When looking at campaign, ad group, and even keyword reports, of course you want to react to the numbers, watch their trends, and compare them to their peers. But make sure you know the numbers behind these numbers.

Before taking any action, dive in and look at the numbers underneath. You may not always have the time to make the necessary changes – so you may still need to take the broad action – but you may find that in the long run the change you had planned is not the right long term solution.

Don’t Believe The Averages

When AdWords tell us that a keyword had an average position of 3, it’s hard not to think and act as if it was ‘usually’ in position 3, or even that it was almost always at or near position 3.

But this may or may not be the case.

As Google Analytics shows, most keywords (their ads really) get placed in a very wide range of different positions and the average reported in the interface is just that – an average. The keyword you think about as having been in position 3 was probably seen by many people while in position 5 and seen by others in position 1.

Click To Zoom
This keyword was in positions as diverse as Top 1 and Left 6 during a 1 month period.

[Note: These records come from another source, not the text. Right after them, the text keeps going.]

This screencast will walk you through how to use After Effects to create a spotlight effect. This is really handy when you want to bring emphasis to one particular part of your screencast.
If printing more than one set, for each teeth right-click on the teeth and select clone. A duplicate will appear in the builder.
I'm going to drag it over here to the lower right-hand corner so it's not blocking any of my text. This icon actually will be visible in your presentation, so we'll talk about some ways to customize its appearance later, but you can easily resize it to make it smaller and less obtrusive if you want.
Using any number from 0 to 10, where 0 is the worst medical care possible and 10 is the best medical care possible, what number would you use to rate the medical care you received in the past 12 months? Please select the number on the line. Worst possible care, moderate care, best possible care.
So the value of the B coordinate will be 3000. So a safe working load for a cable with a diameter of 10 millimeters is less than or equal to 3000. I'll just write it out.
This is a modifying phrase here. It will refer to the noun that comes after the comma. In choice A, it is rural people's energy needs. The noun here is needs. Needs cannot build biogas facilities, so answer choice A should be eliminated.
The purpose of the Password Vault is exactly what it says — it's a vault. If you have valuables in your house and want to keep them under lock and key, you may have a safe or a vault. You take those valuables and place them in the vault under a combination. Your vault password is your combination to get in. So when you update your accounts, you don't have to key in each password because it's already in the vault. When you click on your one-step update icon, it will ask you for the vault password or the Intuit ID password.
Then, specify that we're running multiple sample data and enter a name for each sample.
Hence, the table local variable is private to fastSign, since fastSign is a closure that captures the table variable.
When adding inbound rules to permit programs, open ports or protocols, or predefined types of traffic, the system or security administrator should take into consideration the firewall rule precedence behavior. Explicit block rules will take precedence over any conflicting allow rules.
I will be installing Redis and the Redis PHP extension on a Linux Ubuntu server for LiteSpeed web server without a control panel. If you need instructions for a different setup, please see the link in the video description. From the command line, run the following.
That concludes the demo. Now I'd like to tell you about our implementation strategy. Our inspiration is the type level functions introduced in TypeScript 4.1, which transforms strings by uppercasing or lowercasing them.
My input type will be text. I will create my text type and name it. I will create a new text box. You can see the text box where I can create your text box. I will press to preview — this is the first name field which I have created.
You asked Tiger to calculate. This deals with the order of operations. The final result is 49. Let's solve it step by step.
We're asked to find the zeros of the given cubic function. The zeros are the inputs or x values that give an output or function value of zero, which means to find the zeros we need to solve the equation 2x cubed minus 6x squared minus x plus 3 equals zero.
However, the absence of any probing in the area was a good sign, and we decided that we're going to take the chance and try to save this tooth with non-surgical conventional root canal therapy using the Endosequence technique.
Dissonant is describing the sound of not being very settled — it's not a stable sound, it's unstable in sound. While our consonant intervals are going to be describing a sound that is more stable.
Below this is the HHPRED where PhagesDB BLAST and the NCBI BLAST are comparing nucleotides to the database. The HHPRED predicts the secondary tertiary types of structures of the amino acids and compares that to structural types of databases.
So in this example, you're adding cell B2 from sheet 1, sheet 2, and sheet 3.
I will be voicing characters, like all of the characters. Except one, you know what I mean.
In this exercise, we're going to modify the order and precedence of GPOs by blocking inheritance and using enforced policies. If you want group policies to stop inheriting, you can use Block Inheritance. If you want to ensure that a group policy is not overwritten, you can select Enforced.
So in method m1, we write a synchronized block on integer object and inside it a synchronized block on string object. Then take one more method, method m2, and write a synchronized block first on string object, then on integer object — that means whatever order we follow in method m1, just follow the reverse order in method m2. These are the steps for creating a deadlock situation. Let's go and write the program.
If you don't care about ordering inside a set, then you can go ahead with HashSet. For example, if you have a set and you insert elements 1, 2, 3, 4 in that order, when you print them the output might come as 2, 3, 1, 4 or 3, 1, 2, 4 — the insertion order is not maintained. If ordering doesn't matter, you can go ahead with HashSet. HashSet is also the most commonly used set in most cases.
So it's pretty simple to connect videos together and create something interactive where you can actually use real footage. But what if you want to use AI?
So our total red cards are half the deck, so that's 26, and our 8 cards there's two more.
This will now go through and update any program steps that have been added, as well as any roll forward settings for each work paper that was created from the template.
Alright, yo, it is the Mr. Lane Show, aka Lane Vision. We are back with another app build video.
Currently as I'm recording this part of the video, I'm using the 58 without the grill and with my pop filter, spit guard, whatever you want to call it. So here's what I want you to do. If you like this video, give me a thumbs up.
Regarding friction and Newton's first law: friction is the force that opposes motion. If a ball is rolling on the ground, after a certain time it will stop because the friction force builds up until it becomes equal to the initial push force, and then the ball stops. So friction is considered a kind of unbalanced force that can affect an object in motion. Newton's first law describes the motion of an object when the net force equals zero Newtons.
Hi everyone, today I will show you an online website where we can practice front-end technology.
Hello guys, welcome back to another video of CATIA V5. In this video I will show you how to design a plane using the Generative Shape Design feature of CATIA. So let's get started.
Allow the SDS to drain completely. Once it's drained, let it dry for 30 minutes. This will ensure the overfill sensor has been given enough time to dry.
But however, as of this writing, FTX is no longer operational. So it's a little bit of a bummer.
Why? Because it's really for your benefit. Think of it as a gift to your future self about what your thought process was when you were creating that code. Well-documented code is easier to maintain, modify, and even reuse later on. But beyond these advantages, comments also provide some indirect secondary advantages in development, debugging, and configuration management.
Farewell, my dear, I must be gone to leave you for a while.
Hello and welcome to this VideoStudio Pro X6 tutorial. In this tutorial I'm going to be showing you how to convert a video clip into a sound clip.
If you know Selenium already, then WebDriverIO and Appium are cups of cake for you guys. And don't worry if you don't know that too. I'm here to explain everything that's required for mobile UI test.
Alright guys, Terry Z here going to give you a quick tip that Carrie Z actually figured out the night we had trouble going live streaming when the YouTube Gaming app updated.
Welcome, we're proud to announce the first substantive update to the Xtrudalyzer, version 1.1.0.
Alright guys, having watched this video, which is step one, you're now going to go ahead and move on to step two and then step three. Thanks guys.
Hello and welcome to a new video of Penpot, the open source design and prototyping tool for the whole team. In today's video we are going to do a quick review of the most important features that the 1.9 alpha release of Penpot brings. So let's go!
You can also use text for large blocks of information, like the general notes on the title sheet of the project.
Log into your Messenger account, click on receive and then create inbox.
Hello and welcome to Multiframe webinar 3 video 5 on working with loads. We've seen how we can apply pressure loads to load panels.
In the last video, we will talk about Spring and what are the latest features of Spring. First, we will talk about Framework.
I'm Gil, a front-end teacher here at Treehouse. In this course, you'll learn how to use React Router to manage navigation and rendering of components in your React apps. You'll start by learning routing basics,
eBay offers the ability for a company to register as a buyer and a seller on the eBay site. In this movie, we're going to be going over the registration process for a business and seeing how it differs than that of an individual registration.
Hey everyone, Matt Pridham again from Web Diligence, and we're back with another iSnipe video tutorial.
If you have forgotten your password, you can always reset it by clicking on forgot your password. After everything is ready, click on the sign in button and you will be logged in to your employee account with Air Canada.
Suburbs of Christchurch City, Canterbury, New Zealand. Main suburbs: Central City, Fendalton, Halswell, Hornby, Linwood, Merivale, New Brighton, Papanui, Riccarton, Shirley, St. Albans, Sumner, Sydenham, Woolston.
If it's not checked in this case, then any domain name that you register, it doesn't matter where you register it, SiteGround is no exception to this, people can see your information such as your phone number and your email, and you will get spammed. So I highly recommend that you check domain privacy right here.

Averages without standard deviations – as someone used to tell me – are rather worthless.

The joke he told to illustrate was about a comedian told to prepare material for a birthday party where the average guest was 35 years old. As you might imagine, he included a little colorful language in the routine he had planned. Only to be shocked to arrive and find a birthday party filled with 3 year olds and their 73 year old grandparents.

Taking the distribution of the data that makes up the average into account is especially difficult when you don’t have access to it.

  • We see quality score reported for our keywords, without any way to find out the different quality scores earned across the different geographies where the associated ads were shown, or the impact of the different text ads that the keyword displayed.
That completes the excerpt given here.